Afghan President Hamid Karzai is increasingly reminiscent of President Diem in Vietnam. His credibility is in a shambles, and as Gen. Stanley McChrystal says, this situation must be dramatically improved.

There should be an all-out push for Karzai to broaden his government with a national unity coalition that includes his major opponent, former Foreign Minister Abdullah Abdullah, with an open offer to include insurgents willing to cease fire and join a unity government.

4. There should be aggressive action through any effective means to broaden the credibility of the Afghan government, to strongly combat the corruption that is rampant and destructive to any mission and to publicly define an endgame political solution that might well be similar to the Sunni Awakening in Iraq.
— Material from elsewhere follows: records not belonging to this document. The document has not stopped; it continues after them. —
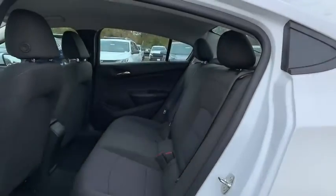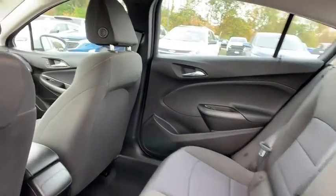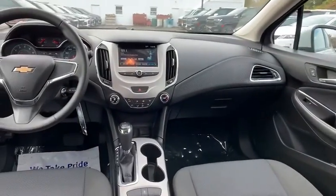If affordable style and reliability are what you're looking for, this vehicle couldn't be more perfect. Drive it today.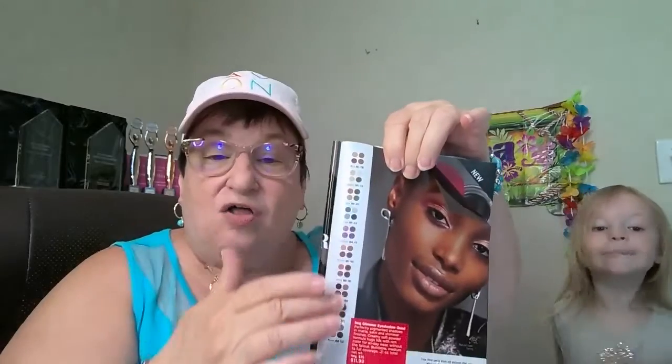The first thing I want to cover with you is you want to make sure you point out to your customers and friends about this new curated color quad in eyeshadow that Avon created. It has perfectly pigmented shadows in a matte, satin, or shimmer finish. Creamy soft powder formula hugs lids with rich color for all-day wear without the fallout. It's buildable, medium to full coverage, and it's on sale from $15 down to $11.99. You can see all the different quad choices in the book.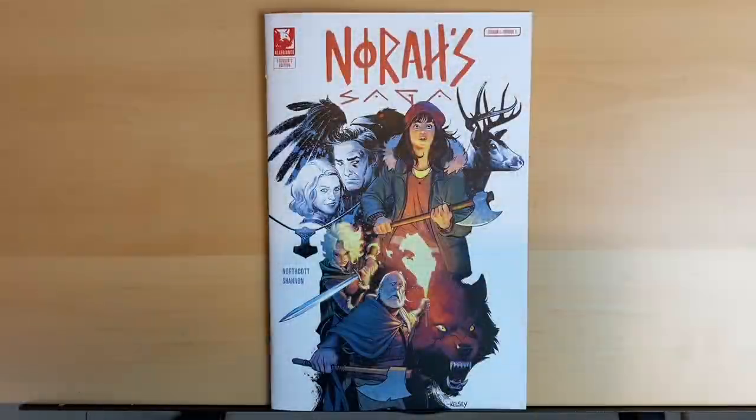Hey everybody, Jam Creates here with another video. This time we're reviewing Nora's Saga number one, or as they like to put it, season one episode one. This is from Allegiance Arts. You might remember a few videos back I reviewed The Futurists, which was also part of Allegiance's first wave of books.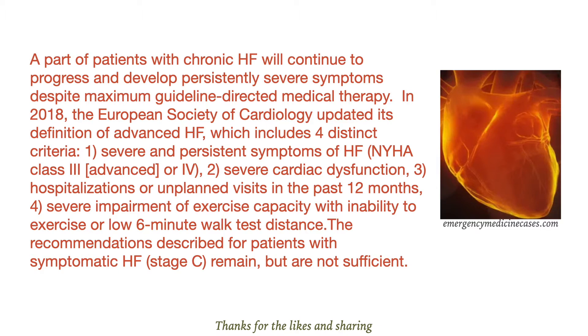In 2018, the European Society of Cardiology updated its definition of advanced heart failure, which includes four distinct criteria: severe and persistent symptoms in heart failure, severe cardiac dysfunction, and hospitalizations or unplanned visits in the past 12 months.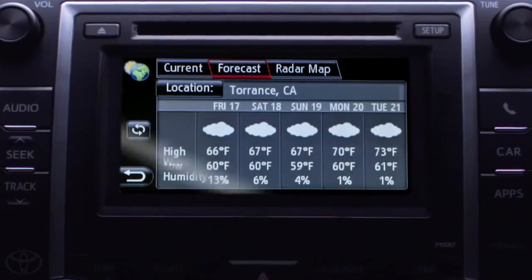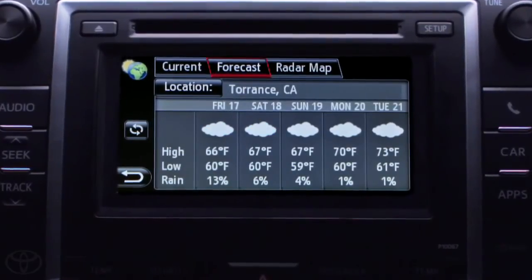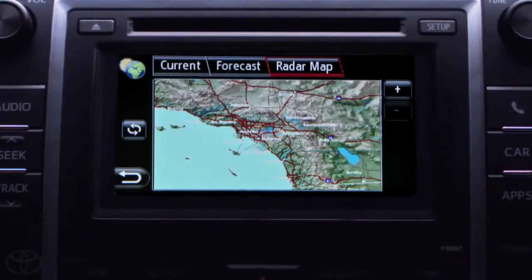Thanks to Toyota's available Entune system, weather updates are as easy as pressing a button. I can view temperatures, a five-day forecast, review radar maps and weather warnings for my current location.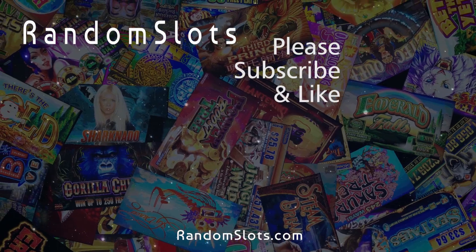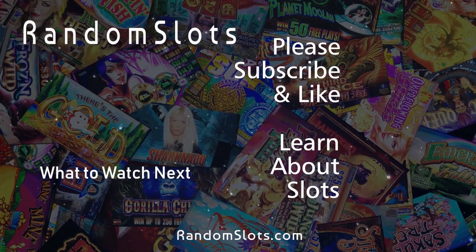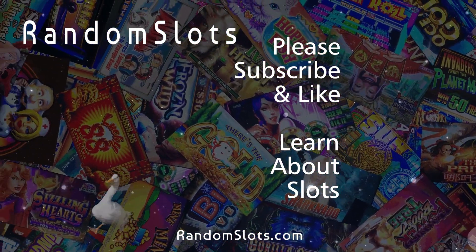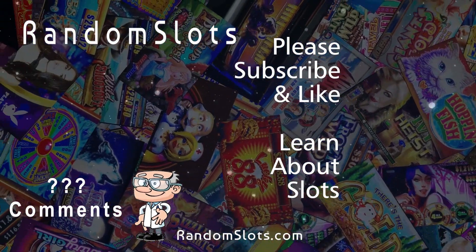Thank you for watching. Please subscribe so you won't miss a video. Visit our website to learn more about slots and casinos. If you liked this video, please give it a like, and we'll also answer your questions and comments. Thanks for listening.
We should employ any overt actions to achieve this.

5. Gen. McChrystal is one of our finest officers. His views should not be decisive, but should be given profound respect because of his military leadership and stellar track record. However, it is a violation of the chain of command and inappropriate for any uniformed officer to campaign and press for any policy not yet decided by the commander in chief.

6. Let’s have a hard conversation right now about approving extremely strong support for our troops, veterans and military families. We must never again wage war where combat troops lack body armor, retired troops become homeless and wounded troops want for medical care that fully meets their needs.

If we need to pass a war surtax, or enact a Patriot Bond version of the 1940s war bond, we should do it. Before any further decisions are made, we should be fully committed to support whatever our troops, vets and military families need.

7. Let’s understand and applaud the strategy of Gen. McChrystal to minimize civilian casualties. Let’s applaud the courage of our troops for risking their lives to minimize civilian casualties. Let’s understand that while air power and predator drones reduce the pain for us, they increase civilian casualties that must be avoided for moral standing and military success.

I hope Democrats and Republicans can agree on these seven points. While the president decides his policy, let’s have a political cease-fire and thoughtful national discussion There are arguments for and against more troops, but we must address the seven truths told here to maximize the success of any mission.

I would be inclined to support the president in whatever decision he makes, giving his policy a reasonable time to succeed so long as the government we fight for is credible, the endgame of the mission is clear and our people are told the truth about the challenges and goals of the mission.